Powiat raciborski stara się zawrzeć ugodę w temacie MOW-u – Młodzieżowego Ośrodka Wychowawczego w Rudach. Jakiś czas temu informowaliśmy o tym, że powiat został zobligowany do zwrotu części środków, jakie dostał na utrzymanie wychowanków. Było to pokłosie kontroli, ale i niejasnych przepisów.

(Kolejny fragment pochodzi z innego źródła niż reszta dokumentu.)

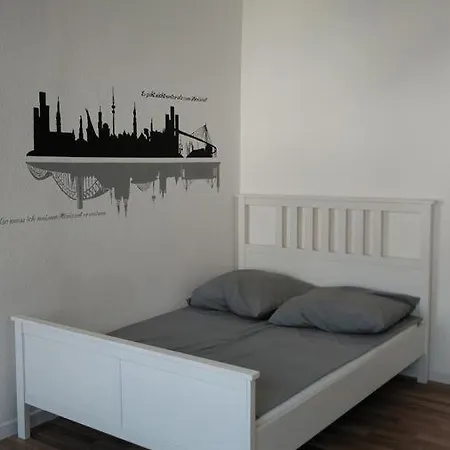 Xl 100m² 3-room Siegburg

Problemy z subwencją dla Młodzieżowego Ośrodka Wychowawczego prowadzonego przez powiat dotyczyły odmiennej interpretacji przepisów. Niejasności dotyczyły liczby wychowanków. Rozumienie zasad na szczeblu lokalnym było nieco inne niż organów nadrzędnych. W momencie ubiegania się o środki, MOW wykazywał wychowanków już skierowanych do ośrodka, a jeszcze w nim nie przebywających. Tym samym do powiatu spłynęła wyższa subwencja:
W 2012 roku zakwestionowano pobranie subwencji na 16 wychowanków. Jeśli przepisy byłyby wówczas wprost zapisane to tego problemu nie mielibyśmy – mówi wicestarosta raciborski – Marek Kurpis. Sprawa jest ogólnopolska – dotyczy kilkudziesięciu MOW-ów w Polsce.
– Nie jest tak ze na dwudziestu pięciu wychowanków przypada jeden nauczyciel. Tam są nauczyciele i wychowawcy, którzy pełnią opiekę w godzinach pozalekcyjnych. Jest tam cała infrastruktura w postaci zaplecza osób wykwalifikowanych w zakresie resocjalizacji – już nie mówiąc o aspektach pracowni zawodowych, obsłudze czy wyżywieniu. To są bardzo duże koszty i uważamy, że skoro mamy być przygotowani do przyjęcia maksymalnej ilości wychowanków (możliwości lokalowe mówią o siedemdziesięciu dwóch) to trudno jest oczekiwać, że jeśli mamy skierowanie z ośrodka rozwoju edukacji, żebyśmy nie byli przygotowani – argumentuje wicestarosta.
Ostateczna decyzja ma być znana w połowie marca 2017 roku.